Handicap.fr : Tout le monde connait les Gueules cassées de la Grande guerre mais bien peu s'imaginent que l'association existe toujours…
Olivier Roussel : C'est ce qu'on entend souvent : « Les Gueules cassées c'était en 14-18 donc vous n'existez plus ! ». Pourtant des blessés de la face et de la tête, il y en a depuis un siècle dans tous les conflits, y compris des gendarmes, policiers et pompiers blessés en service ou des victimes d'attentats. Alors peut-être un problème de communication interne ? (Rires). Mais mon prédécesseur disait : « Nous faisons du bien, nous n'avons rien à vendre alors pas besoin de faire de la com ». Et puis nous sommes une toute petite équipe.

H.fr : Petite équipe mais gros moyens puisque vous détenez 9% du capital de la Française des Jeux.
OR : Oui. C'est à l'origine l'Union des blessés de la face qui a créé la Loterie nationale au travers des fameux dixièmes des « Gueules cassées » pour venir en aide aux mutilés de guerre, puis le Loto qui fête cette année ses 40 ans. Elle est ensuite devenue la FDJ. Les dividendes nous apportent donc un budget de fonctionnement de 8 à 10 millions d'euros par an avant impôt.

H.fr : C'est une coquette somme !
OR : En effet, et c'est pour cette raison qu'au-delà des importantes aides sociales que nous attribuons à nos membres en difficultés, nous faisons du mécénat à l'externe, en soutenant de nombreuses actions sociales, de mémoire des sacrifices consentis pour le pays et de recherche médicale. Depuis 2015, nous transformons un domaine que nous possédions dans le Var en EHPAD pour assurer l'accueil de nos membres vieillissants.

H.fr : Vous agissez dans un domaine très restreint, uniquement les blessures de la face et de la tête ?
OR : Oui, après la première guerre, contrairement à d'autres pays qui ont créé des associations généralistes de vétérans, la France a vu émerger une multitude d'associations, presque pour chaque partie du corps : les aveugles, les amputés, les trépanés… A l'origine, notre union ne s'occupait que des blessés du visage puis nous avons fusionné avec la Fédération des trépanés et blessés de la tête dans les années 80.

H.fr : Mais, dans la tête, il y a aussi le cerveau. Qu'en-est-il des chocs post-traumatiques ?
OR : En effet, celles qu'on appelle les blessures invisibles n'ont été reconnues qu'assez récemment par la psychiatrie militaire française. Nous nous sommes longtemps occupés du contenant et maintenant du contenu. A ce titre, nous soutenons également la recherche sur les maladies neurodégénératives.

H.fr : Quel est l'objectif de votre association ?
OR : Montrer qu'avec un visage déstructuré, parfois atrocement défiguré, on peut s'en sortir. C'est terrible de voir tous les passants se retourner sur vous ou parfois même d'être rejeté par sa propre famille. Alors nous proposons à nos membres un soutien psychologique important mais nous les aidons aussi financièrement, lorsqu'ils ont besoin d'un appareillage ou juridiquement pour la défense de leurs droits à pension militaire d'invalidité.
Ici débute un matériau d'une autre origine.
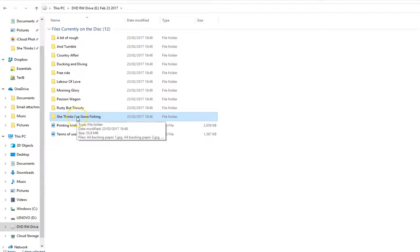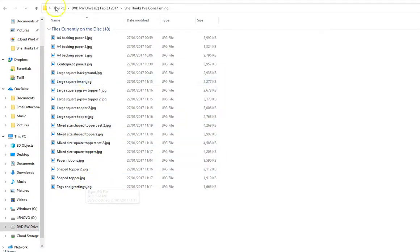I'm just going to go into one of them to show you quickly what's behind each one, to get an understanding of what happens. This is a list of things - I'm going to go with the one called 'She Thinks I'm Gone Fishing.' So in this folder you've got all these items or elements that you can print.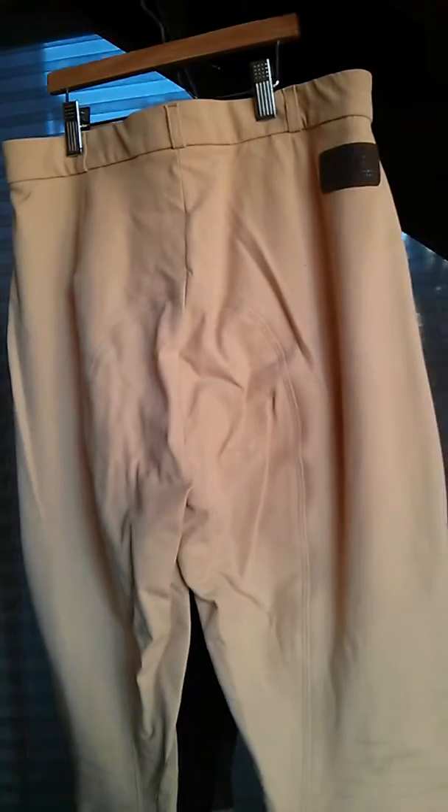They have the Euro seat. Euro seat refers to the seaming that almost looks like a full seat but it's the same material, and it can be, in spite of what it looks like, quite flattering to have the seam there. I believe Schumachers currently retail for around $200 for the knee patch.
H.fr : Combien  y-a-t-il de Gueules cassées en France ?
OR : 2 800 membres mais nous aidons également leur conjoint lorsqu'ils disparaissent ; ce sont donc au total près de 5 500 ayants droit.
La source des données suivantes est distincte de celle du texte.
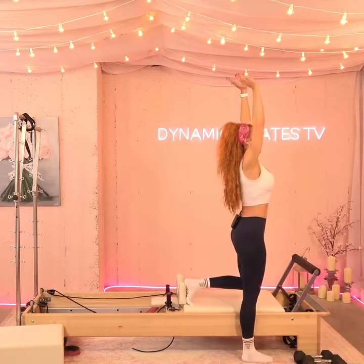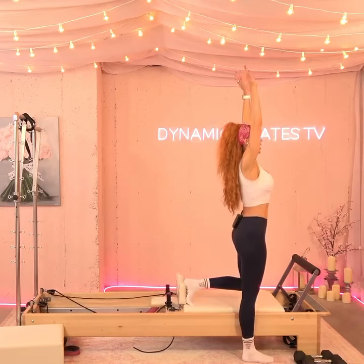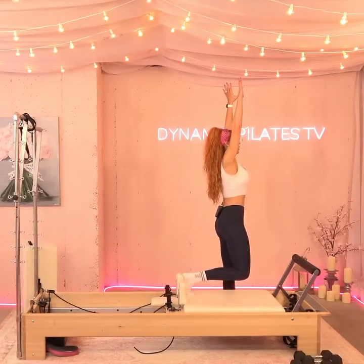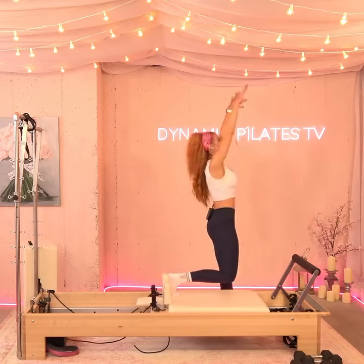Resist as it comes up. Eight more — here we go. For eight. Resist it coming in. Do you feel that quad? For seven. For six. Good. As I press it back, I feel the quad, but I also feel the glute right there. You got it.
H.fr : Plutôt des hommes ?
OR : Oui, à 95%. Même si nous accueillons de plus en plus de femmes qui s'engagent sur le terrain et dans les zones de conflit.

H.fr : Aujourd'hui, votre union vient également en aide aux victimes des attentats. Des civils donc ?
OR : Oui. L'association fonctionne au profit des soldats, policiers ou pompiers, mais nous avons également une fondation qui s'investit dans la recherche médicale dont les avancées profitent à tous. Nous avions déjà aidé une jeune femme blessée dans un attentat à Marrakech. Et nous venons d'accueillir un des blessés du Bataclan, gravement défiguré, qui a reçu une balle dans le visage. Toutes ces victimes d'actes de terrorisme sont d'ailleurs prises en charge par l'ONAC (Office national des anciens combattants) au titre de victimes de guerre et bénéficient d'aides spécifiques du Fonds de garantie.

H.fr : On prétend que les guerres permettent des avancées scientifiques majeures…
OR : Oui, c'est indéniable. Nous organisons d'ailleurs les 7 et 8 octobre 2016, à Verdun, cent ans après cette grande bataille de 300 jours durant laquelle des milliers de soldats furent blessés à la face, un colloque sur le thème, un peu provocateur : « Verdun, terre de santé ». Nous y démontrerons que la prise en charge des blessés de guerre est à l'origine du Samu et de la chaîne d'évacuation d'urgence. Notre association cumule, à elle seule, 70 ans de recherche maxillo-faciale.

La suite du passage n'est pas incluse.